While loops are loops that execute the code - as long as some criterium is satisfied.

i <- 1
while(i <= 10){
  print(sqrt(i))
  i <- i + 1
}
[1] 1
[1] 1.414214
[1] 1.732051
[1] 2
[1] 2.236068
[1] 2.44949
[1] 2.645751
[1] 2.828427
[1] 3
[1] 3.162278

This loop structure does the exact same as the two previous examples. Here we need to assign an initial value i, and then our while loop will execute the code within the curly braces, as long as i is smaller than or equal to 10. It is important to remember to increment the value of i - otherwise i will always be 1, and therefore always smaller than 10. And the loop will never stop.

ggplot

The plotting functions in R produce nice clean plots without any fancy details. That is generally a good thing, we want to maximize the information per ink in our plots.

However, we are limited in the types of plots we can make, and sometimes we just want a bit more color.

Enter ggplot2.

ggplot2 is a package designed to work well with the packages we have already encountered. It produces plots in a structured way, and comes with a lot of extensions, that enables us to plot almost anything.

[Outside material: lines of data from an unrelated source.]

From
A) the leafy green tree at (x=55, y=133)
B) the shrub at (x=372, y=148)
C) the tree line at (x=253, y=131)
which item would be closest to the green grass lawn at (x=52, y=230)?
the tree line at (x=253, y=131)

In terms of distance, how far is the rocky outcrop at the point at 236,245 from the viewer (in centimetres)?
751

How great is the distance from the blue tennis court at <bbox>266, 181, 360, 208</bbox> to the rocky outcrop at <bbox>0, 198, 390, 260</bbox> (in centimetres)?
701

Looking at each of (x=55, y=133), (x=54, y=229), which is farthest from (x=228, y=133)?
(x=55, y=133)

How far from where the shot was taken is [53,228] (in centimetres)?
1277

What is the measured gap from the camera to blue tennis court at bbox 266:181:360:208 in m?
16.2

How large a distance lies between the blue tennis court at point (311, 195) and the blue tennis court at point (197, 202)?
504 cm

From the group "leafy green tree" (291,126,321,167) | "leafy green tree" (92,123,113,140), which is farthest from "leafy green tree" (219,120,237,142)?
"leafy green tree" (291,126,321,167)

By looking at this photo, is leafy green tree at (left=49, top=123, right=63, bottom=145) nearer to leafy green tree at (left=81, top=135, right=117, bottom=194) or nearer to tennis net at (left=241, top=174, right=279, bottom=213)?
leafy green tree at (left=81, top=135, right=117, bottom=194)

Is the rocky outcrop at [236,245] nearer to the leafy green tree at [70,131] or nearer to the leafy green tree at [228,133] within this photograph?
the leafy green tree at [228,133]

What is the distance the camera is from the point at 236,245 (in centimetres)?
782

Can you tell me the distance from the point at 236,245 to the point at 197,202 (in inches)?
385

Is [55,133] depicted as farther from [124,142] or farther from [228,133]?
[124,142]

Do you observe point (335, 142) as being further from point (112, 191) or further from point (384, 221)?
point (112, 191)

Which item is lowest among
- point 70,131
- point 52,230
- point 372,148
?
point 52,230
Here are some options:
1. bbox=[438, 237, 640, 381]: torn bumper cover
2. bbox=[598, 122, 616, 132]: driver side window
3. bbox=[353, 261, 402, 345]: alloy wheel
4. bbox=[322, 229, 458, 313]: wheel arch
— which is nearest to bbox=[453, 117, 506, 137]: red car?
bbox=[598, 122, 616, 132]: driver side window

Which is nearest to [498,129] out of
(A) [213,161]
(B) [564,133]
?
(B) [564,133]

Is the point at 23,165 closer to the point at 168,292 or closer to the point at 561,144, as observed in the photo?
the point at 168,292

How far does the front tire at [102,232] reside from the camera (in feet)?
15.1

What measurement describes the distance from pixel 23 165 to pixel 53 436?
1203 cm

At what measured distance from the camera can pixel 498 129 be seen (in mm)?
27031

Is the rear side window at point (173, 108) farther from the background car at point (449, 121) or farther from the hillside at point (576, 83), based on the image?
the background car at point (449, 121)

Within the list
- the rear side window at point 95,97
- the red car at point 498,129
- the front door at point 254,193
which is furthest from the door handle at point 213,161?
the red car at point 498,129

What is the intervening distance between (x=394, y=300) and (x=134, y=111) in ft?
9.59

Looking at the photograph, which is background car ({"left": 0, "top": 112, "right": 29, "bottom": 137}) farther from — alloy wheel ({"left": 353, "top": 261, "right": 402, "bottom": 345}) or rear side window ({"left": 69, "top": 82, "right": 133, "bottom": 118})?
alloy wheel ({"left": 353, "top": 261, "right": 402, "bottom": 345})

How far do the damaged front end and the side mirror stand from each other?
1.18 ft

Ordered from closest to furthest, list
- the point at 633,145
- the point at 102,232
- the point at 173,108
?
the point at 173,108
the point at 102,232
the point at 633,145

The basic structure of ggplots are:

ggplot(data, mapping = aes(x=x, y=y)) +
  geom_point()

ggplot takes some data. Typically we will provide the data using the pipe: ` %>% `

data %>% 
  ggplot(mapping = aes(x=x, y=y)) +
    geom_point()

The mapping argument tells ggplot which variables in our data should be mapped to the x- and y-axes in our plot.

That in itself will not produce much of a plot. We need to tell ggplot which type of plot we want.

We do that by adding a geom_ function. Here we have added geom_point which produces a scatter-plot. Other functions are more intuitively named. geom_col gives us a column-plot, geom_histogram a histogram etc.

Let us try to make a histogram like we saw earlier:

interviews_plotting %>% 
  ggplot(aes(x=no_membrs)) +
  geom_histogram()
`stat_bin()` using `bins = 30`. Pick better value with `binwidth`.
plot of chunk unnamed-chunk-14

plot of chunk unnamed-chunk-14

It looks different, and we get a warning about binwidth. geom_histogram automatically chooses 30 bins for us, and that is normally not the right number.

Key Points

  • Boxplots are useful for visualizing the distribution of a continuous variable.

  • Barplots are useful for visualizing categorical data.

  • Functions allows you to repeat the same set of operations again and again.

  • Loops allows you to apply the same function to lots of data.

  • Logical tests allow you to apply different calculations on different sets of data.